The Gyeongui–Jungang Line is a commuter rail service of the Seoul Metropolitan Subway system, operating on trackage from the Gyeongui Line (opened on July 1, 2009) and the Jungang Line (opened on December 16, 2005).

Frequent service is provided between Munsan and Yongmun by 8-car trains, with 6 trains weekdays and 5 on weekends running one station east of Yongmun to Jipyeong. However, some services (run by 4-car trains) split for Seoul Station east of Gajwa.

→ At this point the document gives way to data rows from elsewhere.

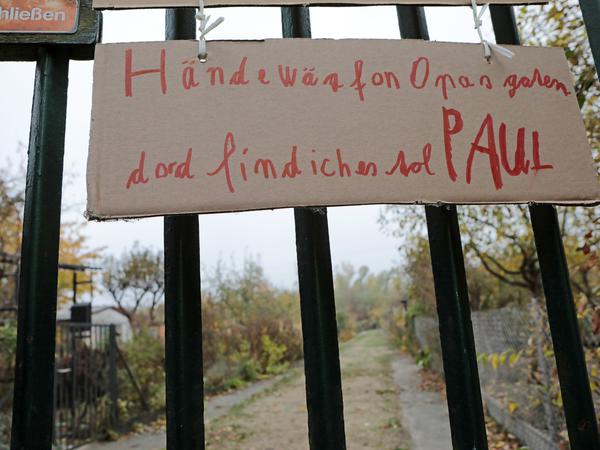 Protestschilder an der Kleingartensparte Angergrund in Babelsberg.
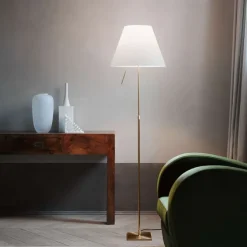 Costanza - Gulvlampe i messing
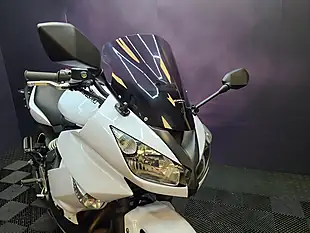 Used 2010 Kawasaki ER-6F White - Interior and Exterior details 8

Additionally, many trains terminate at various locations on the line such as Ilsan, Neunggok, Daegok, Yongsan, Cheongnyangni, Deokso, and Paldang.

Trains travel along the Gyeongui (Munsan-Seoul Station/Gajwa), Yongsan (Gajwa-Yongsan), Gyeongwon (Yongsan-Hoegi), and Jungang (Hoegi-Jipyeong) lines.

The line runs on the left-hand side of the track, like all other Korail-run Seoul Metropolitan Subway lines. 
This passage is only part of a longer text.